🤖 AI Summary
This work proposes LatentPre, a novel fairness-aware data preprocessing framework that addresses the significant performance degradation of existing methods under incomplete attribute spaces or missing critical variables. LatentPre is the first to incorporate identifiable latent attributes into fairness preprocessing, employing a tailored Expectation-Maximization (EM) algorithm to estimate missing sensitive or legitimate variables. By operating in an enriched attribute space, the framework effectively disentangles spurious bias from legitimate associations. This approach enables robust data calibration even under imperfect observational conditions, substantially improving the trade-off between fairness and utility across multiple real-world scenarios. Consequently, LatentPre enhances the practicality and adaptability of fair data management in settings where key attributes are unobserved or partially available.
📝 Abstract
Fair data pre-processing is a widely used strategy for mitigating bias in machine learning.
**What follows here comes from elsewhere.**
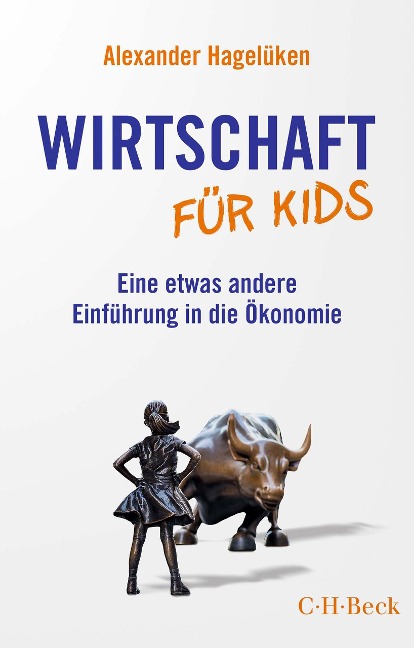 Wirtschaft für Kids - Alexander Hagelüken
A promising line of research focuses on calibrating datasets to satisfy a designed fairness policy so that sensitive attributes influence outcomes only through clearly specified legitimate causal pathways. While effective on clean and information-rich data, these methods often break down in real-world scenarios with imperfect attribute spaces, where decision-relevant factors may be deemed unusable or even missing. To address this gap, we propose LatentPre, a novel framework that enables principled and robust fair data processing in practical settings. Instead of relying solely on observed attributes, LatentPre augments the fairness policy with latent attributes that capture essential but subtle signals, enabling the framework to operate as if the attribute space were perfect. These latent attributes are strategically introduced to guarantee identifiability and are estimated using a tailored expectation-maximization paradigm. The raw data is then carefully refined to conform to this latent-augmented policy, effectively removing biased patterns while preserving justifiable ones. Extensive experiments demonstrate that LatentPre consistently achieves strong fairness-utility trade-offs across diverse scenarios, advancing practical fairness-aware data management.